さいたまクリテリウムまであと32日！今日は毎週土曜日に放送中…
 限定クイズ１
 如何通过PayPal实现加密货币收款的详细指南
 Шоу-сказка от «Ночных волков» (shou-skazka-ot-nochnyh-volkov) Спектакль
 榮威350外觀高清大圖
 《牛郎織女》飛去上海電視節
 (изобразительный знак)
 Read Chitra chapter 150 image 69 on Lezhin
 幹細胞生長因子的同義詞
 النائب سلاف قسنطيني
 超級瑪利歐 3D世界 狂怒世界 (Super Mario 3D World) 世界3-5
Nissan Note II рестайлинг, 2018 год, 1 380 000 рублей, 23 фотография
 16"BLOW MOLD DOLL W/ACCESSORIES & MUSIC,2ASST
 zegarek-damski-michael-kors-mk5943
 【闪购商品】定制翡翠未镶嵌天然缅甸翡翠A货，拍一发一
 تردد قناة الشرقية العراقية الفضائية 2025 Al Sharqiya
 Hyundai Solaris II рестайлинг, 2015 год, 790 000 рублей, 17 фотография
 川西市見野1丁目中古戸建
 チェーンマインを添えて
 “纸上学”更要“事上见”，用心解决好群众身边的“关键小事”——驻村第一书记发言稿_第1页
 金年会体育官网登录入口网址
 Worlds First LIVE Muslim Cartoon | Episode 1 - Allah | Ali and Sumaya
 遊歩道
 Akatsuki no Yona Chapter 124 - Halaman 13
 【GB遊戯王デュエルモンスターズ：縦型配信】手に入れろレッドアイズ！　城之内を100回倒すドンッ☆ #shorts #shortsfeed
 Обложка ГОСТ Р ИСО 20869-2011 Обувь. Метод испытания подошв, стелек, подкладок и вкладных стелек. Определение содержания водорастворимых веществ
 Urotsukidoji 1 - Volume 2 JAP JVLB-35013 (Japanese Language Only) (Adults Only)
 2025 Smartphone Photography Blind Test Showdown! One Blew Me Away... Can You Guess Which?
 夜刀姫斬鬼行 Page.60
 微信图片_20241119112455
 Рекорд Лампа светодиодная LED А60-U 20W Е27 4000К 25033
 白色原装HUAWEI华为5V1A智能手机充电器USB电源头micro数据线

+---+

Prompt:
Your answer should be the lines of the records that hold the string "фотография".

Response to this task:
Nissan Note II рестайлинг, 2018 год, 1 380 000 рублей, 23 фотография
 Hyundai Solaris II рестайлинг, 2015 год, 790 000 рублей, 17 фотография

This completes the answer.